Pam was sure of it, because of McGarvey's zeal storming the Rawalpindi safe house to rescue her. All very romantic. “Where'd he go after Andrews?”

“To Langley overnight, but then he disappeared.”

“Where?”

“Unknown, but almost certainly he's with his friend Otto Rencke, who's the reigning computer geek at the company. You might want to take care with McGarvey's violence, but you'd better take special care with Mr. Rencke's computer expertise. The man is a black-magic witch.”

“If he moves I want to hear about it immediately.”

“There's something else,” Gloria said. “But we're not sure what it means.”

“Yes?”

“Petty Officer Greg Rautanen, he's one of the SEAL Team Six guys. Lives alone, a drunk, screwed up. Anyway, the ONI opened a new file on him.
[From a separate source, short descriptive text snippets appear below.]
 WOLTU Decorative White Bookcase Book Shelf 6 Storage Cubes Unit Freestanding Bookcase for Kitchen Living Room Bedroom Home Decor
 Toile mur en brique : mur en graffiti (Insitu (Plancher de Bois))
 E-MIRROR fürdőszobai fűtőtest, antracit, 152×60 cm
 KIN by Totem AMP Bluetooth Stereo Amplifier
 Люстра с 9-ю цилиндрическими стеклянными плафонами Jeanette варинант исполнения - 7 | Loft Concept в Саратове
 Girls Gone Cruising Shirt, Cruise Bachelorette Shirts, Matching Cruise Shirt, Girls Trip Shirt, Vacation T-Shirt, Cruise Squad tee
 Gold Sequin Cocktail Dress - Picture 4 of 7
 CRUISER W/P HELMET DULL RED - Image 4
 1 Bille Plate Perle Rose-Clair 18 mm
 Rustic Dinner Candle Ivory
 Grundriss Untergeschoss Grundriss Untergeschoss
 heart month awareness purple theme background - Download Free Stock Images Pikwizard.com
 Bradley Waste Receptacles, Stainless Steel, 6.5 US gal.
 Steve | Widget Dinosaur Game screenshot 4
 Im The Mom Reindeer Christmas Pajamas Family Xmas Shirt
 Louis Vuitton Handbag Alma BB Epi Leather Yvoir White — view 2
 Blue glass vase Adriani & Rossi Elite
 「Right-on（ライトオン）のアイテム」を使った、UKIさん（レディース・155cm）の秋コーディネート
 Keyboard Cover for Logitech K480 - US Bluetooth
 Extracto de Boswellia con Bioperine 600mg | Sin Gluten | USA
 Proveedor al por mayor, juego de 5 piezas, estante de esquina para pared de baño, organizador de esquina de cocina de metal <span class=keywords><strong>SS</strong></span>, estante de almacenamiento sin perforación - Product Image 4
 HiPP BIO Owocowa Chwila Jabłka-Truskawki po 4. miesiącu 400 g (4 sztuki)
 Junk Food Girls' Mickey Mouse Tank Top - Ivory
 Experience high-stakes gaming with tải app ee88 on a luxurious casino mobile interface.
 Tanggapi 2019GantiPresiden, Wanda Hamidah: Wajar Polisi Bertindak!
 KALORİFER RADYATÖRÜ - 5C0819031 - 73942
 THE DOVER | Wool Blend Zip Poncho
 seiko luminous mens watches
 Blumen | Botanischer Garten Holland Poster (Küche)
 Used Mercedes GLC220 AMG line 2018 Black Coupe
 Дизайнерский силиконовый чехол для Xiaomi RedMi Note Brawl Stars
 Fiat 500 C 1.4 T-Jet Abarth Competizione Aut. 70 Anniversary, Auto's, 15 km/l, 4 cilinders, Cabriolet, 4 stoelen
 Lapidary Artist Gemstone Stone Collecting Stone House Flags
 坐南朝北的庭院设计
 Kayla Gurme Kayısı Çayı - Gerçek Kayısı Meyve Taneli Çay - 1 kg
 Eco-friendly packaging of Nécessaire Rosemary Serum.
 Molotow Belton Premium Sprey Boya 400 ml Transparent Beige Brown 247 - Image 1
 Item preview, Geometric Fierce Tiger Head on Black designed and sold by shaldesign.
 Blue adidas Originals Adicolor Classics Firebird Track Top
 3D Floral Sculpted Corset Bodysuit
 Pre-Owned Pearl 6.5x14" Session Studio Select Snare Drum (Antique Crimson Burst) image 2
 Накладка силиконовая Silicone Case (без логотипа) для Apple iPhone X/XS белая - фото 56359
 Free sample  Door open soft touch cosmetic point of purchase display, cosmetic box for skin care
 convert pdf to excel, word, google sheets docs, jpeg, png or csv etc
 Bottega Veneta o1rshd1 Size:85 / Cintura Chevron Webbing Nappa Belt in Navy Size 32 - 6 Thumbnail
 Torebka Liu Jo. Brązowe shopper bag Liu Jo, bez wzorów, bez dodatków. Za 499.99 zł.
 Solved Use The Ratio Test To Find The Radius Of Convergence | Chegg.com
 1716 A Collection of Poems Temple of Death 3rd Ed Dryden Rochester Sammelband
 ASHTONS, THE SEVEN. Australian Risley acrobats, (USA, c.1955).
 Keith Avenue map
Some inquiries we apparently made, and it put up a red flag. Whoever hacked his file didn't do a good enough job of it to hide their tracks.”

“Doesn't sound like this Rencke character.”

“That's just it; my sources said it looked as if the hacker came in with a sledgehammer on purpose. He wanted to be burned. Maybe he wanted to let someone know that Rautanen had been singled out for some reason. It maybe was a message.”

Pam saw it. “The son of a bitch,” she said softly.

“What?” Ayesha asked.

“He knows I'm coming,” Pam said. “He doesn't know when or exactly where, except that it'll be in Norfolk. So he opened the door for me with this Rautanen guy. ‘Here I'll be,' he's told me. ‘Come get me.'”

“If he's expecting us, we need to come up with another plan,” Ayesha said.